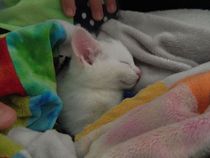 Shall we show off our cats? &#55357&#56832&#55357&#56832&#55357&#56832&#55357&#56832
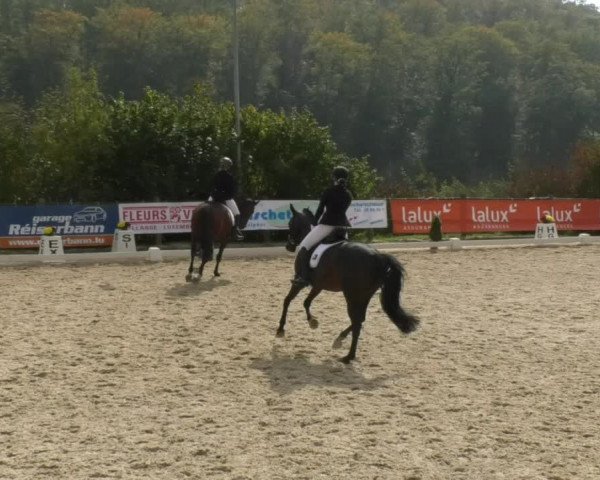 Reitturnier Hünsdorf-Ecurie Josy Hoffmann 2017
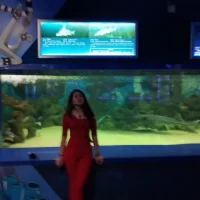 Kailehuangjindadang avatarbilde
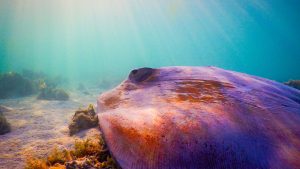 The Spiritual Stingray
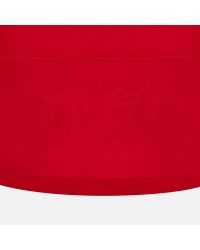 Maillot Pays de Galles Domicile 2024/2025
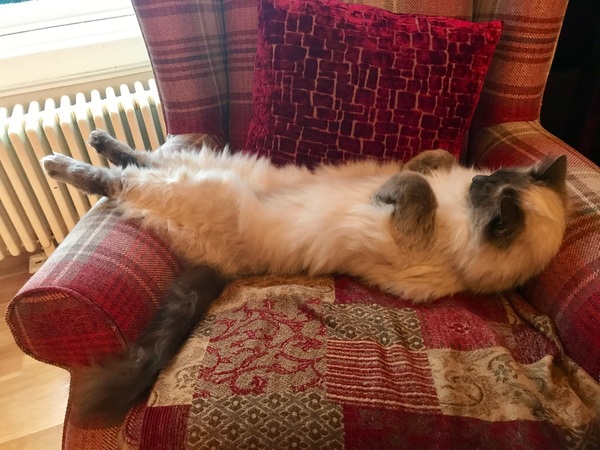AIBU to think my cat is the cutest?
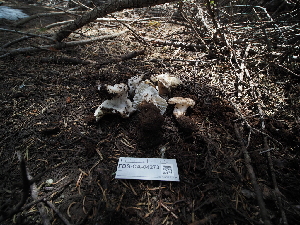  ( - FDS-CA-04273)  @11 [ ] by-nc (2024) Fresno Mycology Society Fungal Diversity Survey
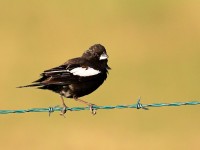 819A7762Lark_Bunting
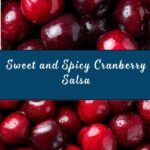 Sweet and Spicy Cranberry Salsa Recipe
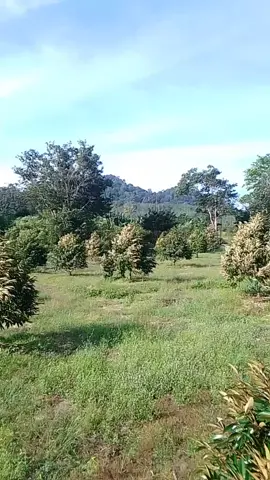 เดือดจัด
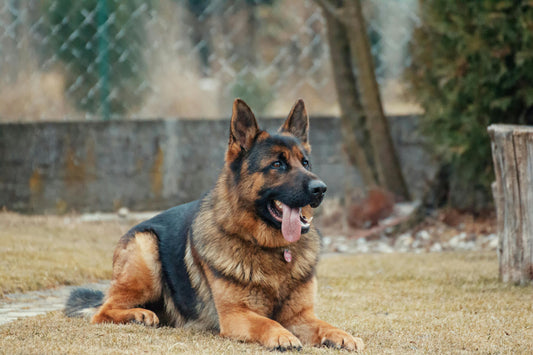 The Ultimate Guide to Dog Dental Care: Keep Your Pup’s Smile Healthy and Strong
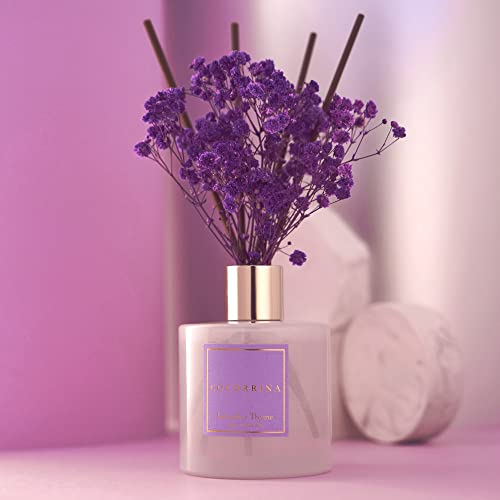 Cocorrína Premium Reed Diffuser Set with Preserved Baby's Breath & Cotton Stick Lavender Thyme | 6.76 Fl.oz Scent Diffuser for Bedroom Bathroom Home Décor - size: 6.7 Ounce/1pack
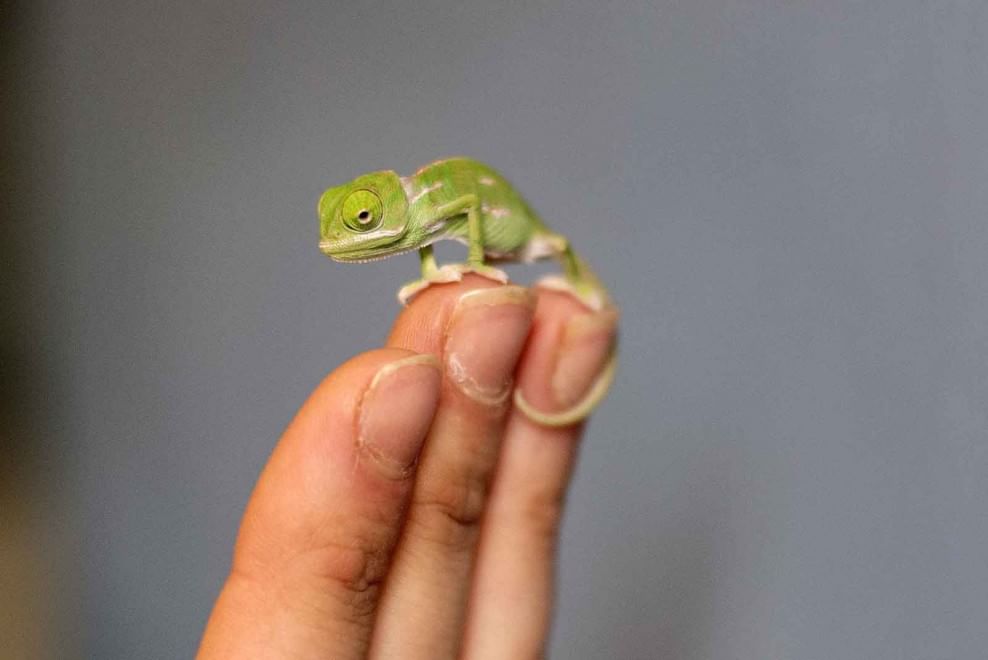 Sydney, grandi quanto un dito: i baby camaleonti dello zoo di Taronga
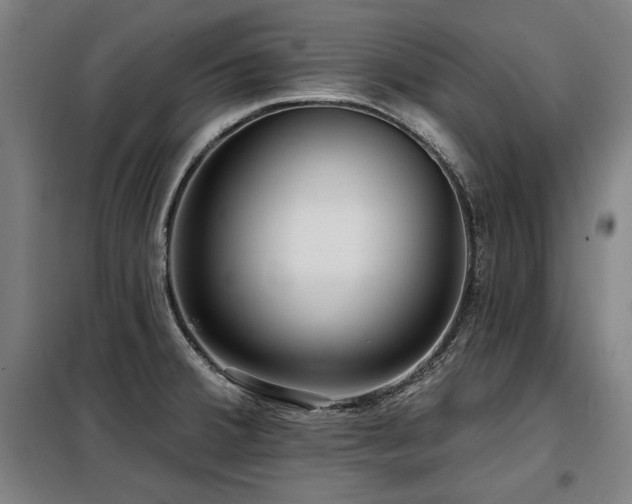 X0000098071380200804041115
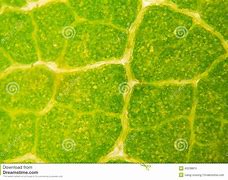 Image result for A Leaf Under a Microscope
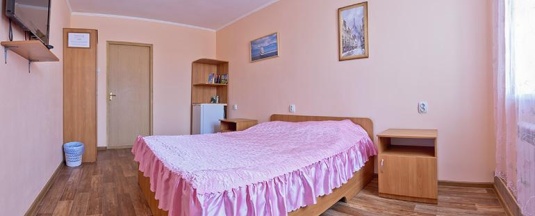 2-местный номер эконом в Подсолнухи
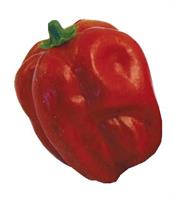 Paprika röd 110mm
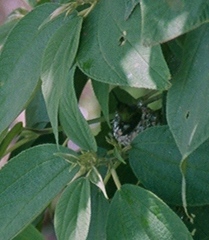 Elliotomyia chionogaster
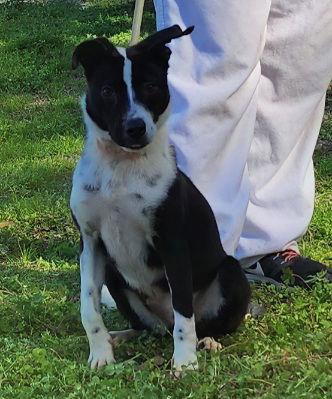 260183 Zelda — thumbnail 2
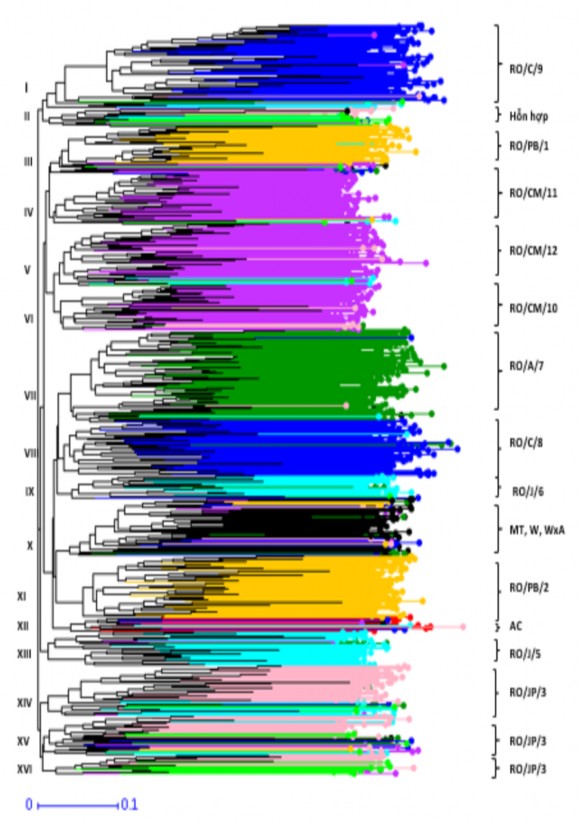 Hình 3 3 Phân bố của 1 022 mẫu giống theo các cụm di truyền từ cây phả hệ 1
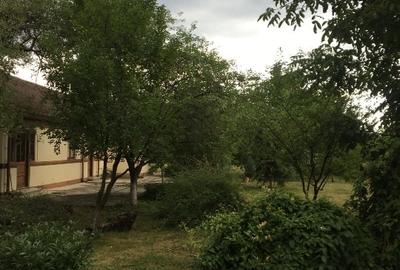 TEREN + CASA Silistea Snagovului toate utilitatile - 1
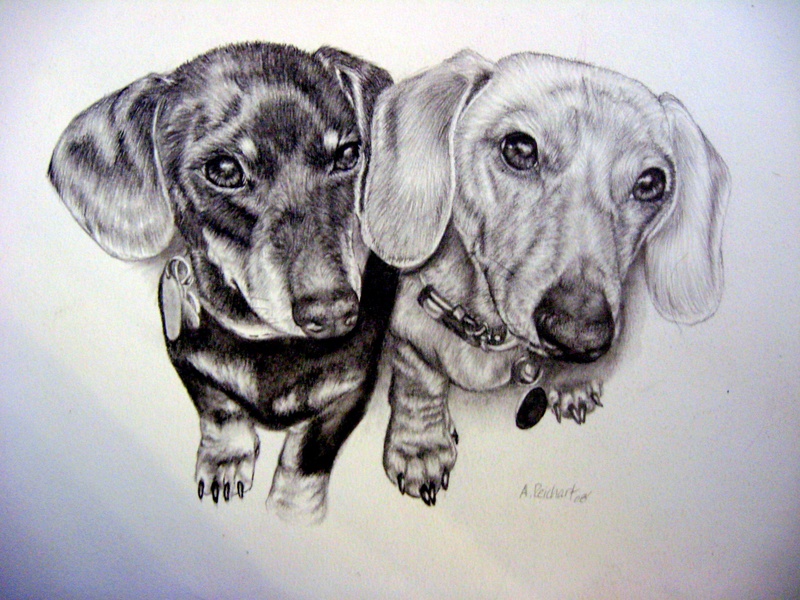 Oscar and Zoey- Dachshunds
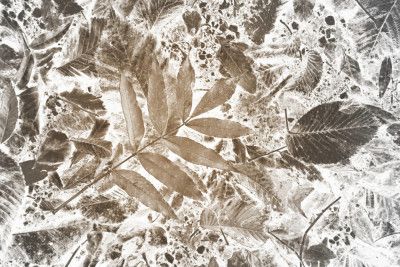 Autumn Leaves in sepia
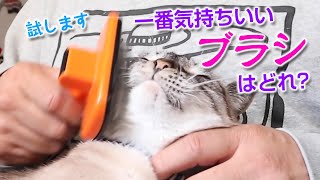 ジャンくんの猫ブラシお試し中！気持ちいいのはどれ？【Jean \u0026 Pont 3728】2024/12/25　保護猫ジャンけんポン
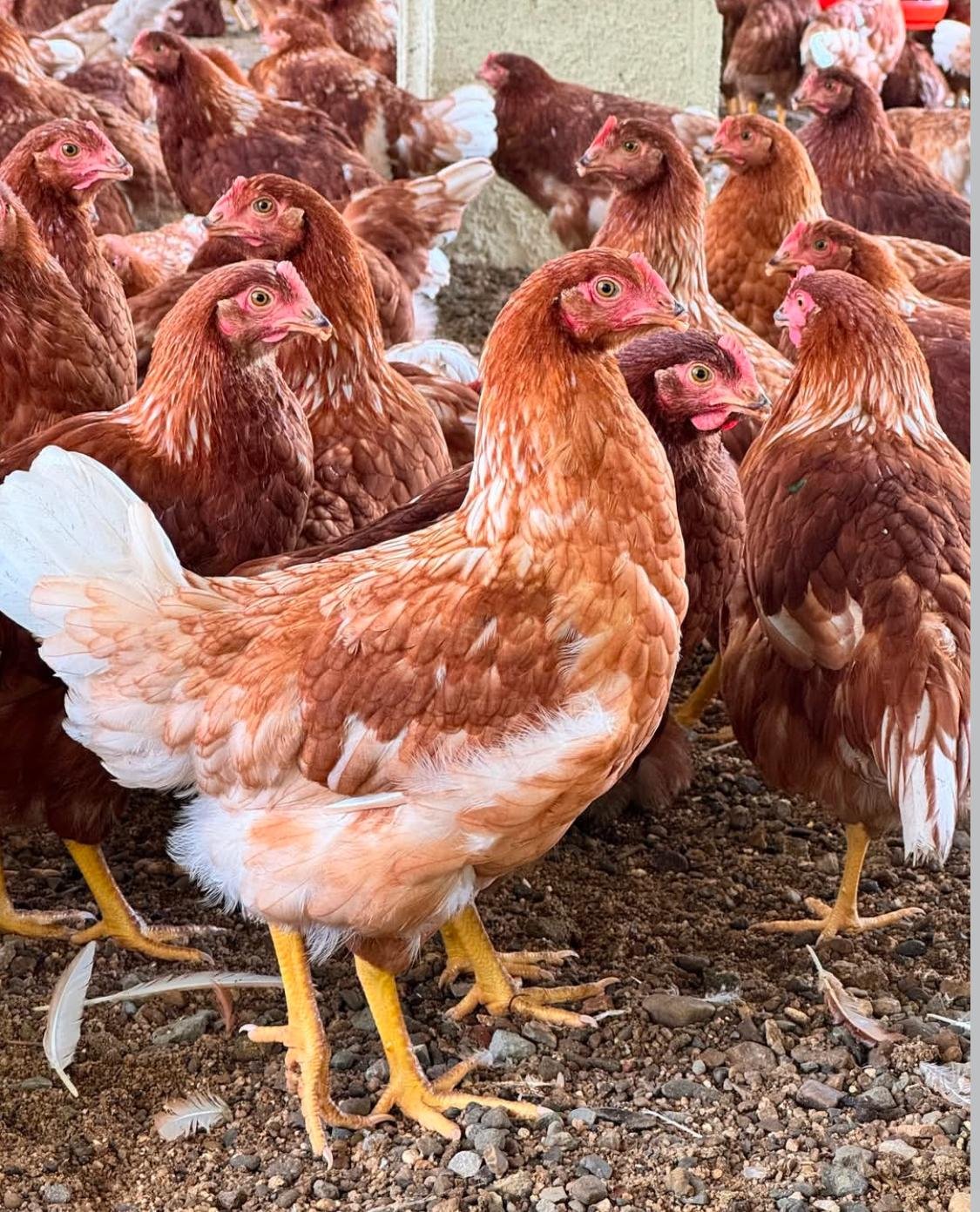 Publicación real de Instagram: gallinas en la finca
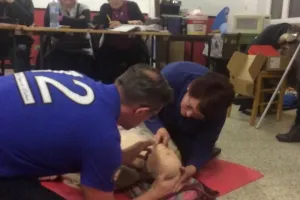 2018-01-Les-Gestes-010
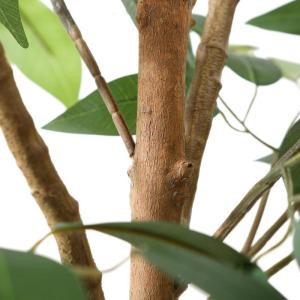 Ficus Benjamina , 120 cm, groot, met natuurhouten stam, kamerplant, kunstboom in pot, voor thuis, kantoor, balkon, decoratie (1 stuks)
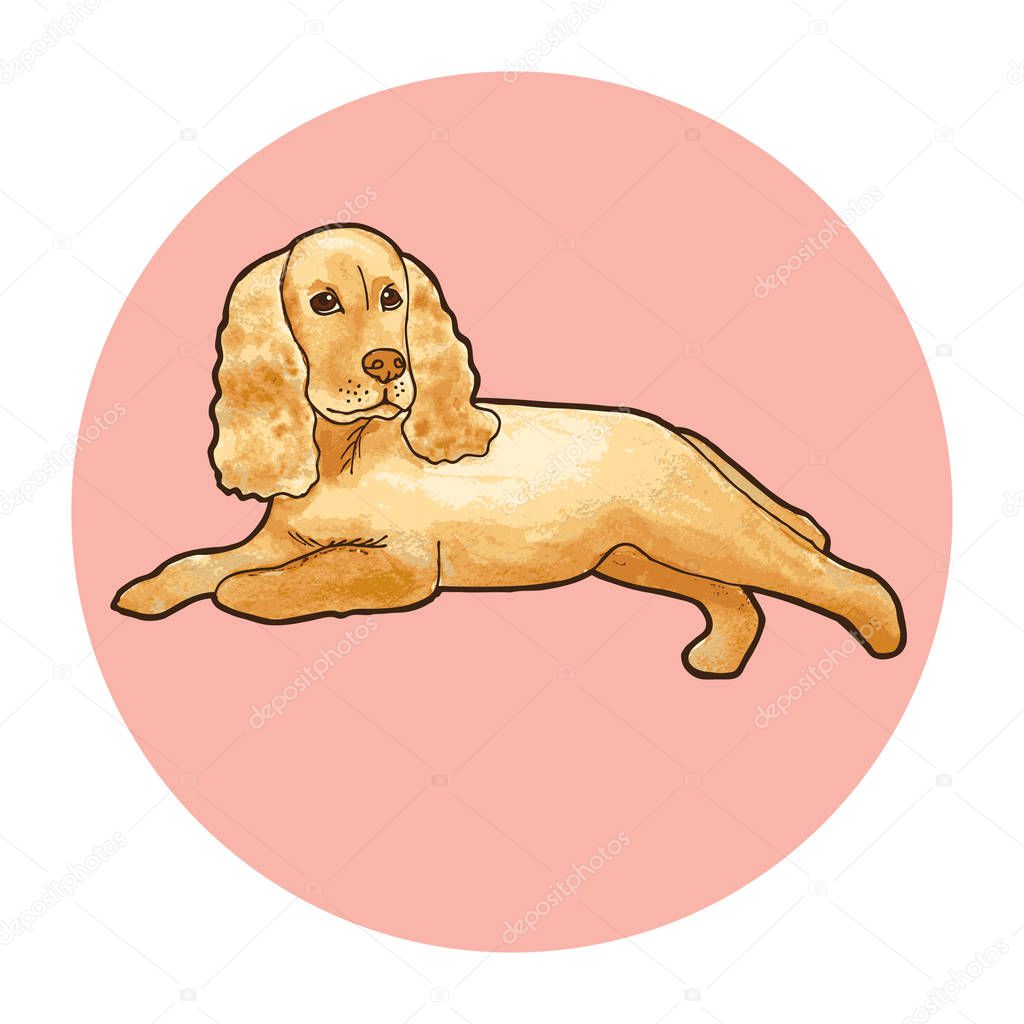 Cocker Spaniel dog breed. Outline with color background. Vector illustration.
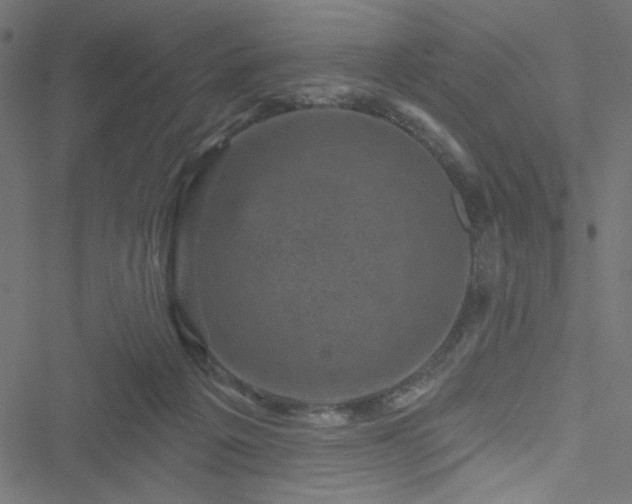 X0000051890217200506241357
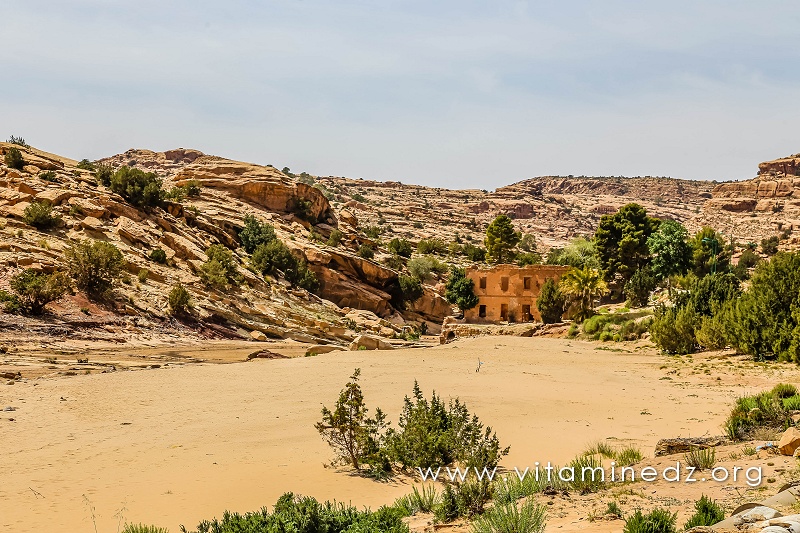 Moulin et Jardins cachés d'El Ghicha (Wilaya de Laghouat)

EXERCISE DIRECTIONS
Copy the data precisely. Skip every picture.

WRITTEN RESPONSE
 Shall we show off our cats? &#55357&#56832&#55357&#56832&#55357&#56832&#55357&#56832
 Reitturnier Hünsdorf-Ecurie Josy Hoffmann 2017
 Kailehuangjindadang avatarbilde
 The Spiritual Stingray
 Maillot Pays de Galles Domicile 2024/2025
AIBU to think my cat is the cutest?
  ( - FDS-CA-04273)  @11 [ ] by-nc (2024) Fresno Mycology Society Fungal Diversity Survey
 819A7762Lark_Bunting
 Sweet and Spicy Cranberry Salsa Recipe
 เดือดจัด
 The Ultimate Guide to Dog Dental Care: Keep Your Pup’s Smile Healthy and Strong
 Cocorrína Premium Reed Diffuser Set with Preserved Baby's Breath & Cotton Stick Lavender Thyme | 6.76 Fl.oz Scent Diffuser for Bedroom Bathroom Home Décor - size: 6.7 Ounce/1pack
 Sydney, grandi quanto un dito: i baby camaleonti dello zoo di Taronga
 X0000098071380200804041115
 Image result for A Leaf Under a Microscope
 2-местный номер эконом в Подсолнухи
 Paprika röd 110mm
 Elliotomyia chionogaster
 260183 Zelda — thumbnail 2
 Hình 3 3 Phân bố của 1 022 mẫu giống theo các cụm di truyền từ cây phả hệ 1
 TEREN + CASA Silistea Snagovului toate utilitatile - 1
 Oscar and Zoey- Dachshunds
 Autumn Leaves in sepia
 ジャンくんの猫ブラシお試し中！気持ちいいのはどれ？【Jean \u0026 Pont 3728】2024/12/25　保護猫ジャンけんポン
 Publicación real de Instagram: gallinas en la finca
 2018-01-Les-Gestes-010
 Ficus Benjamina , 120 cm, groot, met natuurhouten stam, kamerplant, kunstboom in pot, voor thuis, kantoor, balkon, decoratie (1 stuks)
 Cocker Spaniel dog breed. Outline with color background. Vector illustration.
 X0000051890217200506241357
 Moulin et Jardins cachés d'El Ghicha (Wilaya de Laghouat)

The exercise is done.